Ghawi leads the discussion, opens the floor for comments, divides up attendees into groups and allocates time at the beginning and end of the event for networking. This has long been a goal for Ghawi, who hopes the event can fill a void in the city.

“I saw a gap in professional development for women in Baton Rouge,” she says. “So I decided to create a group that addresses the skills, networking and motivation for women to advance.”

The event has cast a diverse and wide-ranging net. Those who attended this morning work at LSU, Kean Miller, IberiaBank, state and local agencies, hospitals and several other companies and nonprofits.

“It’s inspiring to see so many women in their careers coming to learn skills they need to advance in their careers,” says Yvonne Jackson, a branch manager at IberiaBank. “Every town needs something like this.”

Yet it seems many surrounding communities don’t have something like this. Women are coming from as far as Hammond, Lafayette and Monroe to attend Leadership & Lattes, Ghawi says.

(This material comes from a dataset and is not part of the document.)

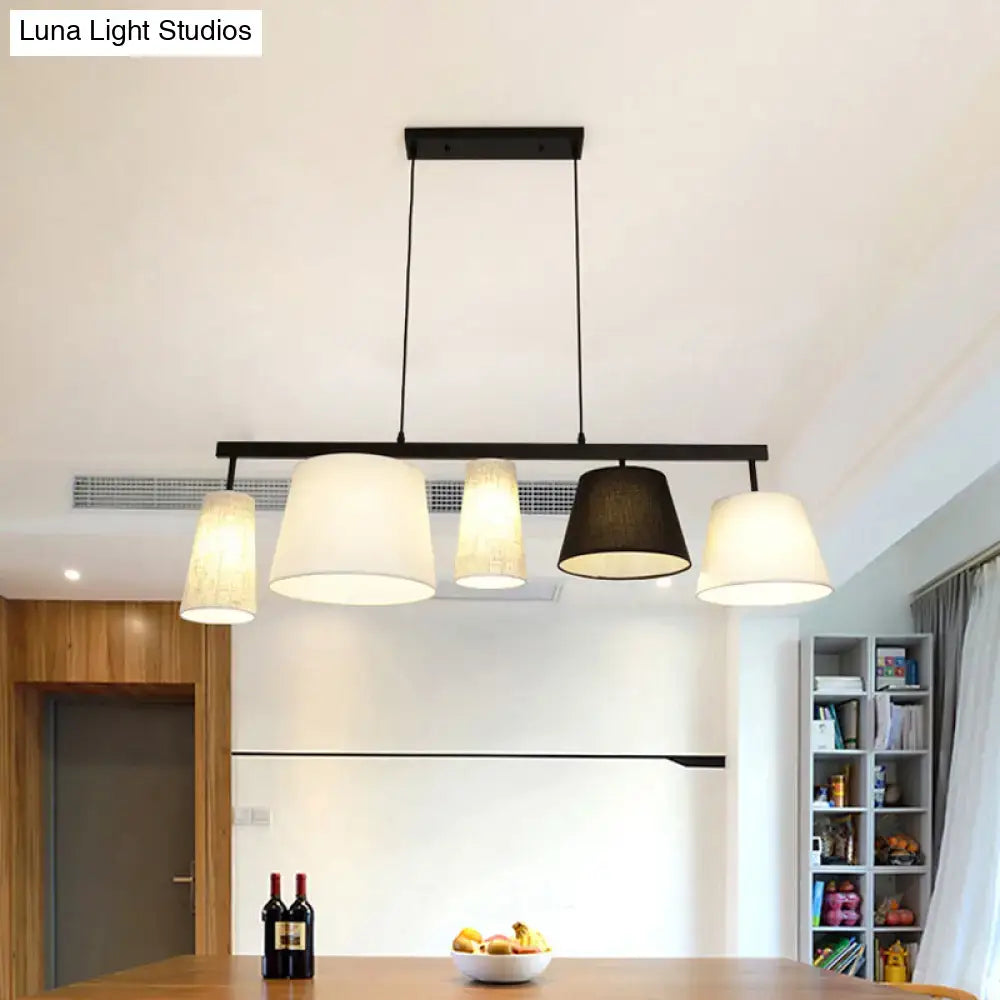 Modern gray & white barrel hanging light kitchen island pendant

The event focuses on just one topic, and it’s held once a month so women can make connections and relationships with one another, says Lindsey Litchfield, who works in marketing at Whole Foods, which is a sponsor.

“It’s one topic per month so you go forth and prosper with that one thing,” she says. “You can work on changing one thing in 30 days.”

Alejandra Juan, a spokeswoman for the state Department of Veterans Affairs, has been coming to Leadership & Lattes since the beginning. She says the events offer practical advice, such as how to best use a LinkedIn account and what apps can enhance professional development skills.

The lone man who attended this morning’s event was Dave Baxter, director of strategic alliances at Sparkhound in Baton Rouge. It was his first time, but he’s friends with Ghawi and heard rave reviews about her new venture.

“I’ve seen the success of this, and I wanted to come and support it,” Baxter says. “I also want to encourage others from my company to come.”